Two boats, the Prada (Italy) and the Oracle (USA), are competing for a spot in the upcoming America’s Cup race. They race over a part of the course several times. The sample times in minutes for the Prada were as follows: 12.9, 12.5, 11.0, 13.3, 11.2, 11.4, 11.6, 12.3, 14.2, and 11.3. The sample times in minutes for the Oracle were as follows: 14.1, 14.1, 14.2, 17.4, 15.8, 16.7, 16.1, 13.3, 13.4, 13.6, 10.8, and 19.0. For data analysis, the appropriate test is the t test: two-sample assuming unequal variances.

The next table shows the results of this independent t test. At the .05 significance level, can you conclude that there is a difference in their mean times? Explain these results to a person who knows about the t test for a single sample but who is unfamiliar with the t test for independent means.

No table.

To analyze whether there is a significant difference in the mean times of the Prada and Oracle boats, we can conduct an independent t test. This test allows us to compare the means of two independent groups and determine if there is a statistically significant difference between them.

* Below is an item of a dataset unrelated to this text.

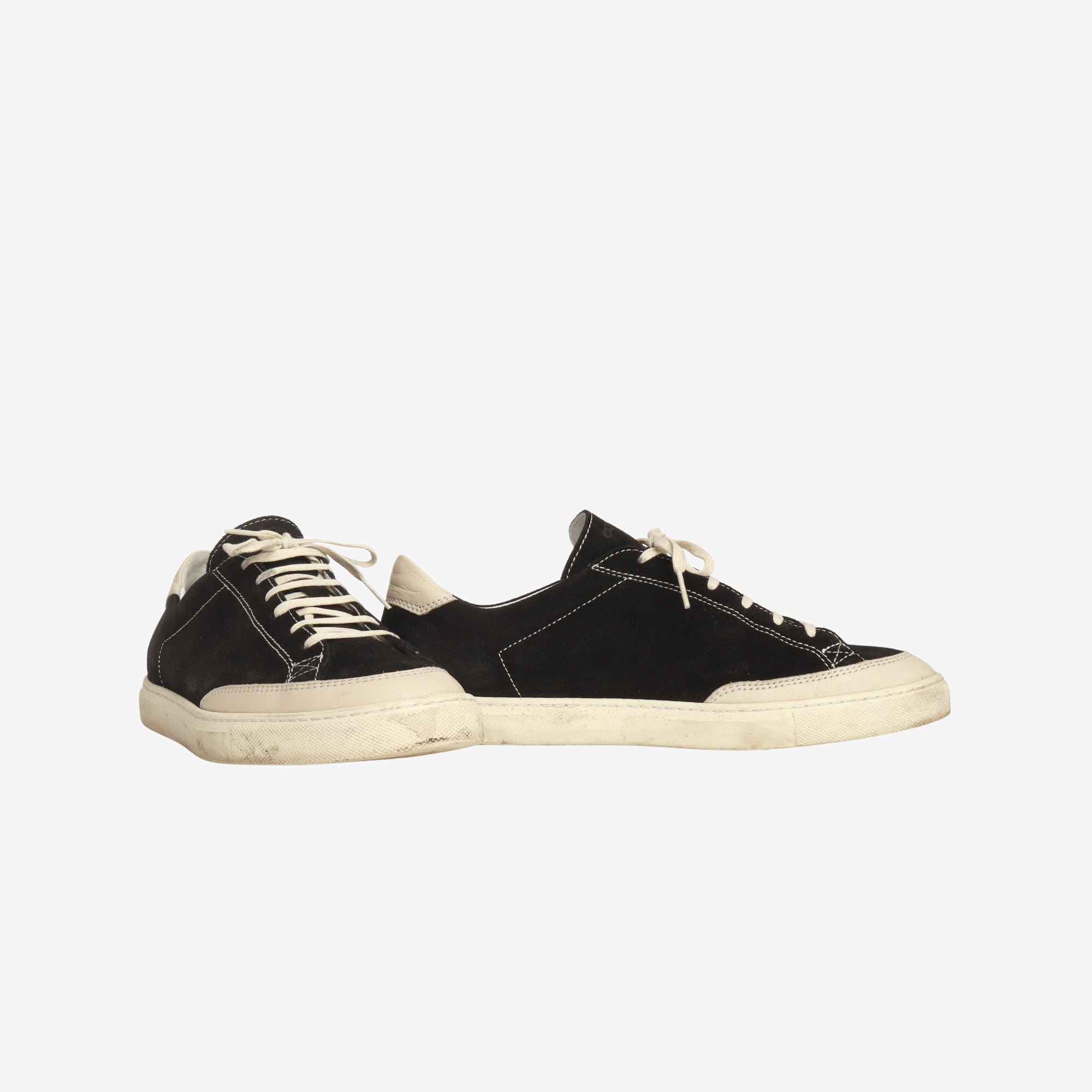 Bumper Suede Sneakers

First, we need to set up the null and alternative hypotheses. The null hypothesis assumes that there is no difference between the mean times of the Prada and Oracle boats, while the alternative hypothesis suggests that there is a difference between the two means.

Null Hypothesis (H0): There is no difference in the mean times of the Prada and Oracle boats.
Alternative Hypothesis (Ha): There is a difference in the mean times of the Prada and Oracle boats.

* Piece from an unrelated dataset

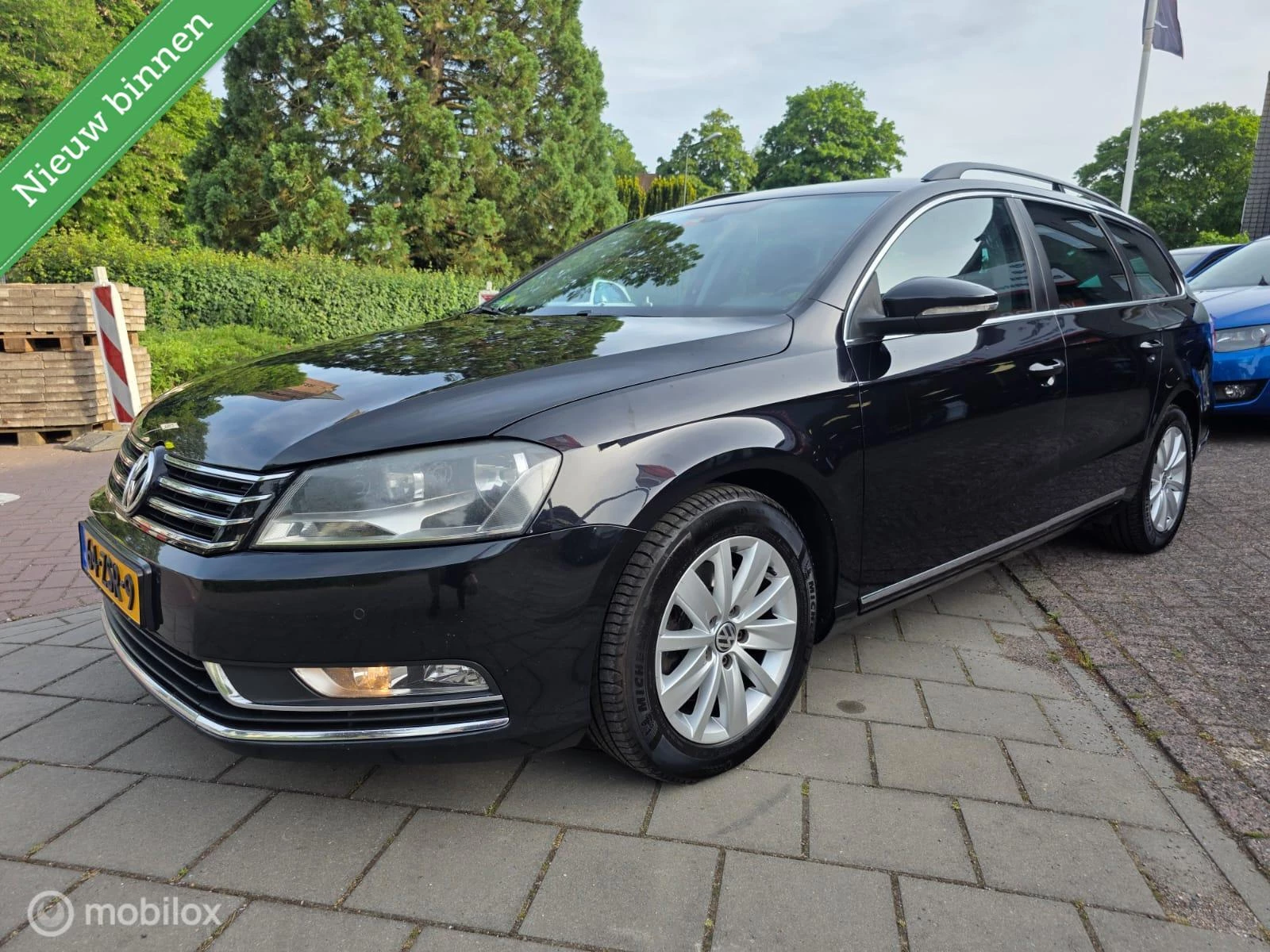 Hoofdafbeelding Volkswagen Passat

Next, we determine the level of significance, which is typically denoted as α (alpha). The question states that the significance level is .05, meaning we are willing to accept a 5% chance of making a Type I error (incorrectly rejecting the null hypothesis when it is true).

Now, let's perform the t test using the given sample times for each boat:

Prada sample times: 12.9, 12.5, 11.0, 13.3, 11.2, 11.4, 11.6, 12.3, 14.2, 11.3
Oracle sample times: 14.1, 14.1, 14.2, 17.4, 15.8, 16.7, 16.1, 13.3, 13.4, 13.6, 10.8, 19.0

We need to calculate the sample means and standard deviations for each group. Let's assume the Prada group is Sample 1 and the Oracle group is Sample 2.

Sample 1 statistics:
Sample mean (x̄1) = average of Prada sample times
Sample standard deviation (s1) = standard deviation of Prada sample times

Sample 2 statistics:
Sample mean (x̄2) = average of Oracle sample times
Sample standard deviation (s2) = standard deviation of Oracle sample times

Once we have these values, we can calculate the t statistic using the following formula:

t = (x̄1 - x̄2) / sqrt((s1^2 / n1) + (s2^2 / n2))

where:
- x̄1 and x̄2 are the sample means
- s1 and s2 are the sample standard deviations
- n1 and n2 are the sample sizes

The degrees of freedom (df) can be calculated as:

df = (s1^2 / n1 + s2^2 / n2)^2 / [(s1^2 / n1)^2 / (n1 - 1) + (s2^2 / n2)^2 / (n2 - 1)]

Now, we can use the calculated t statistic and degrees of freedom to find the p-value from a t-table or using statistical software.

Finally, we compare the obtained p-value with the significance level (α = 0.05) to determine if we reject or fail to reject the null hypothesis.

If the p-value is less than α, we reject the null hypothesis and conclude that there is a significant difference in the mean times of the Prada and Oracle boats. If the p-value is greater than or equal to α, we fail to reject the null hypothesis and conclude that there is not enough evidence to suggest a difference in the mean times.

Remember, the t test for independent means is used when comparing the means of two different groups, while the t test for a single sample is used to compare the mean of a single group to a known population mean.